Dampak Penerapan Akuntansi Nilai Wajar

Dampak Penerapan Akuntansi Nilai Wajar

Konvergensi standar pelaporan keuangan menuju International Financial Reporting Standard (IFRS) sudah pelak tidak dapat dihindari lagi oleh negara-negara di dunia, termasuk Indonesia. Indonesia, melalui Ikatan Akuntan Indonesia (IAI), telah melakukan proses konvergensi ini dengan mengadopsi  beberapa standar keuangan dari International Accounting Standard Board (IASB) ke dalam Pernyataan Standar Akuntansi Keuangan (PSAK). Proses konvergensi ini akan membawa perubahan besar dalam praktek pelaporan keuangan di Indonesia dari yang semula mengacu pada akuntansi kos historis menjadi mengacu pada akuntansi nilai wajar. Perubahan tersebut terjadi karena beberapa standar IFRS/IAS  menggunakan dasar pengukuran nilai wajar.
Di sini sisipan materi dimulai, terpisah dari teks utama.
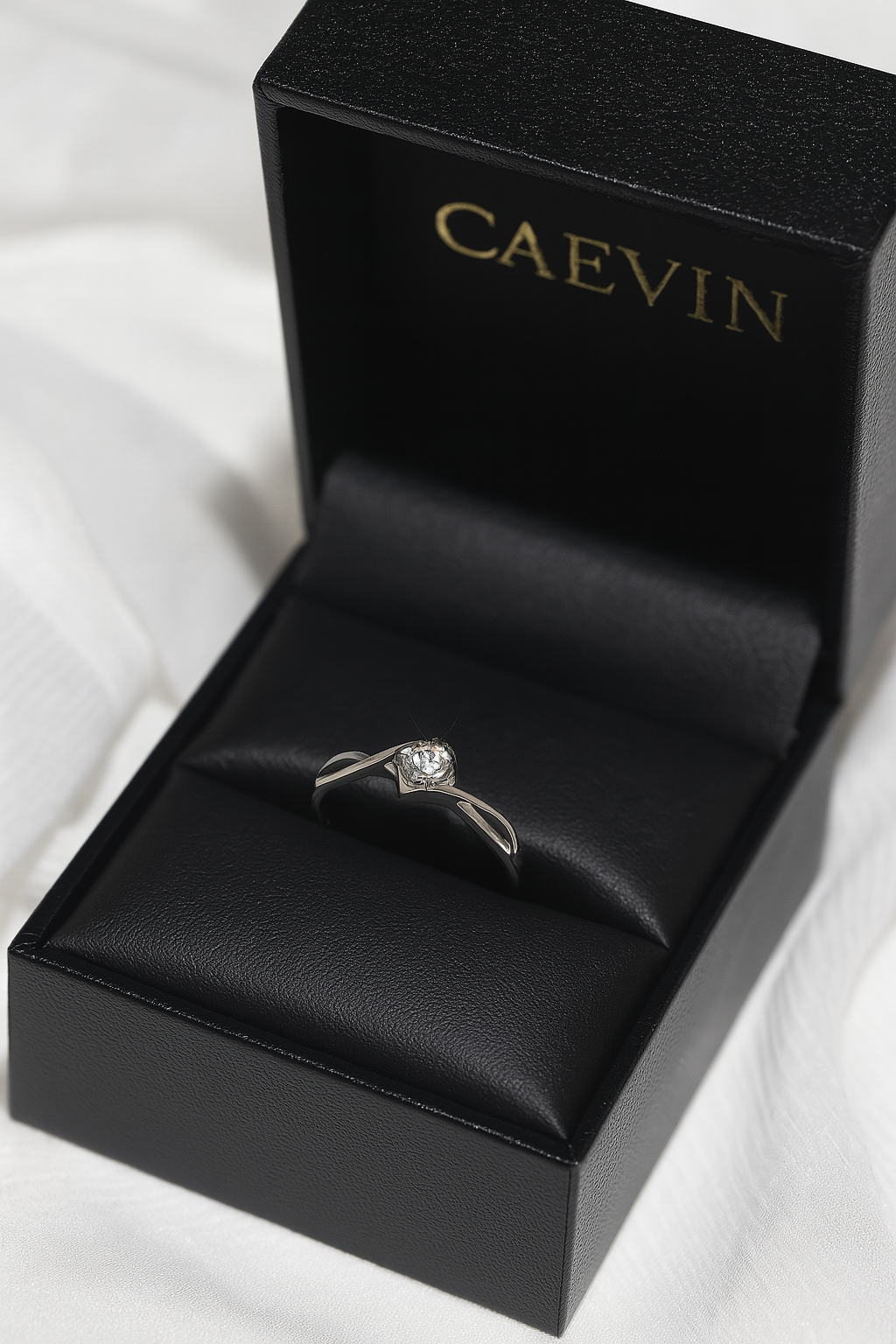 GlowHeart – Classic Engagement Ring for Women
Penggunaan akuntansi nilai wajar ini akan memberikan dampak yang signifikan terhadap kondisi ekonomi di Indonesia, baik secara mikro maupun makro. Secara makro, penggunaan akuntansi nilai wajar akan mempengaruhi penerimaan pajak, likuiditas pasar keuangan, dan bahkan krisis finansial (seperti yang banyak dituduhkan oleh pebisnis di Amerika). Secara mikro, penggunaan akuntansi nilai wajar akan mengubah pelaporan keuangan perusahaan menjadi lebih transparan dan menghasilkan informasi keuangan yang lebih relevan dan komparabel bagi investor. Walaupun penggunaan akuntansi nilai wajar membawa dampak baik yang sesuai dengan tujuan pelaporan keuangan, banyak kalangan, terutama pebisnis, masih menentang penggunaan akuntansi nilai wajar. Apa itu sebenarnya akuntansi nilai wajar? Mengapa implementasinya masih menjadi sebuah kontroversi? Dan akan seperti apakah dampak dari penerapan akuntansi nilai wajar bagi kondisi keuangan perusahaan?

Nilai wajar

Menurut PSAK 50, nilai wajar adalah nilai suatu aset untuk dapat dipertukarkan atau suatu liabilitas diselesaikan antara pihak yang memahami dan berkeinginan untuk melakukan transaksi secara wajar (arm’s length transaction), bukan atas transaksi paksaan, likuidasi paksaan, atau penjualan paksaaan (distressed sale). Penerapan akuntantansi nilai wajar dapat dicontohkan dalam suatu lelang dimana suatu aset berupa lukisan ditawarkan dengan nilai tawar sebesar Rp10.000.000. Para peserta lelang menawar aset tersebut dengan berbagai nilai tawar sampai pada akhirnya aset tersebut terjual kepada penawar tertinggi dengan nilai jual sebesar Rp30.000.000, maka nilai tawar tertinggi tersebutlah yang menjadi nilai wajar atas aset tersebut. Jadi, nilai wajar suatu aset atau liabilitas dapat diestimasikan paling baik menggunakan nilai pasar aset atau liabilitas tersebut. Namun, perlu diingat, bahwa tidak semua aset mempunyai nilai pasar atau jikalaupun ada nilai pasar tersebut tidak selalu bisa diandalkan. Untuk itu, IAS 39 mengatur dalam suatu tiga level hierarki yang membagi nilai wajar berdasarkan nilai input yang digunakan. Tiga level hierarki tersebut adalah

  • Level 1: Input untuk menentukan nilai wajar berdasarkan kuotasi harga taksesuaian untuk aset dan liabilitas yang identik  dalam suatu pasar yang aktif;
  • Level 2: Input untuk menentukan nilai wajar berdasarkan kuotasi harga sesuaian untuk aset dan liabilitas yang  mirip atau berdasarkan kuotasi harga taksesuaian untuk aset dan liabilitas yang identik  dalam suatu pasar yang tidak aktif;
  • Level 3: Input untuk menentukan nilai wajar bukan berdasarkan data pasar (estimasi dan judgement dari manajemen). Nilai wajar ditentukan dengan suatu model penilaian atau ditentukan oleh seorang penilai.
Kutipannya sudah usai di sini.